Recall that a set of reals is called "perfect" if it is closed, nonempty, and without isolated points. Three standard facts about perfect sets (not requiring the Axiom of Choice) are: (a) every uncountable closed set of reals is the union of a perfect set and a countable set ("Cantor-Bendixson"), (b) every perfect set of reals has the cardinality of the continuum, and (c) there are continuum-many perfect sets.

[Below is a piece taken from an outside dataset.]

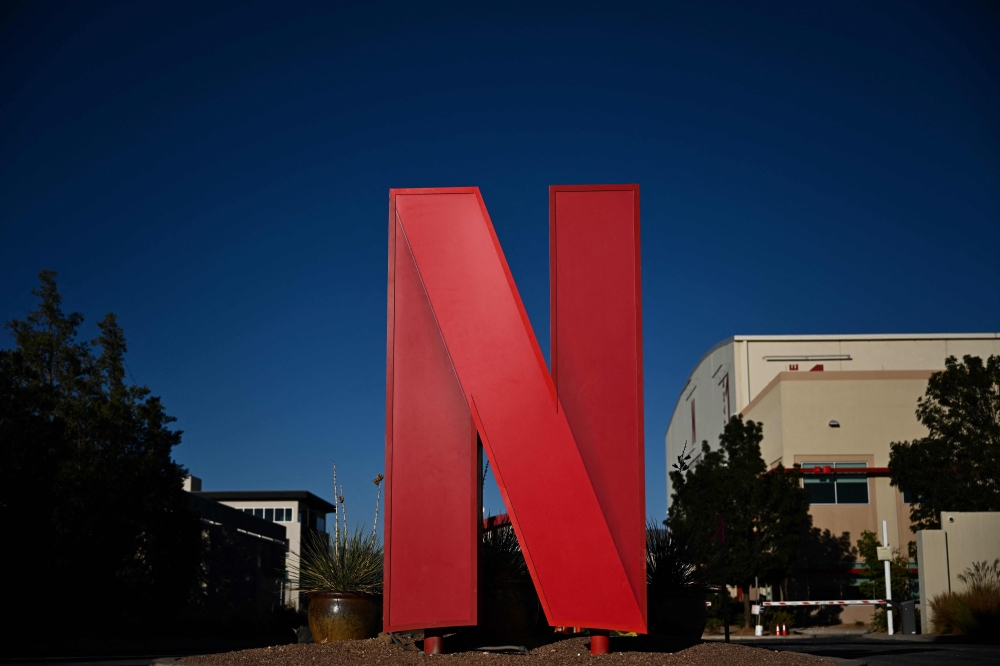 The Netflix logo is displayed at the entrance to Netflix Albuquerque Studios film and television production studio lot in Albuquerque, New Mexico, on October 13, 2023. Photo by Patrick T. Fallon / AFP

Using the Axiom of Choice, let $(P_\alpha)_{\alpha<\mathfrak{c}}$ be an enumeration of perfect sets (where $\mathfrak{c}$ is the cardinal of the continuum, as per (c) above). Define two sequences $(x_\alpha)_{\alpha<\mathfrak{c}}$ and $(y_\alpha)_{\alpha<\mathfrak{c}}$ of real numbers by induction (and again using Choice): assuming the $x_\beta$ and $y_\beta$ for $\beta<\alpha$ have already been defined, let $x_\alpha$ and $y_\alpha$ be elements of $P_\alpha$ distinct from each other and distinct from all all $x_\beta$ and $y_\beta$ for $\beta<\alpha$ (this is possible because $P_\alpha$ has cardinality greater than the set of $x_\beta$ and $y_\beta$, per (b) above). Let $X$ be the set of the $x_\alpha$. So $X$ has the cardinality of the continuum. But if $X$ contained an uncountable closed set, then per (a) above it would contain a perfect set $P$, say $P = P_\alpha$, so it would contain $y_\alpha$, a contradiction since the $x_\alpha$ and $y_\alpha$ are disjoint.
Assuming the consistency of an inaccessible cardinal, the Axiom of Choice cannot be dispensed with: it is consistent (relative to the existence of an inaccessible cardinal) that the Axiom of Dependent Choices holds and that every uncountable set of reals has a perfect subset. The latter statement is, also, a consequence of the Axiom of Determinacy, which is also known to be consistent with Dependent Choices, subject to the consistency of hugely larger cardinals.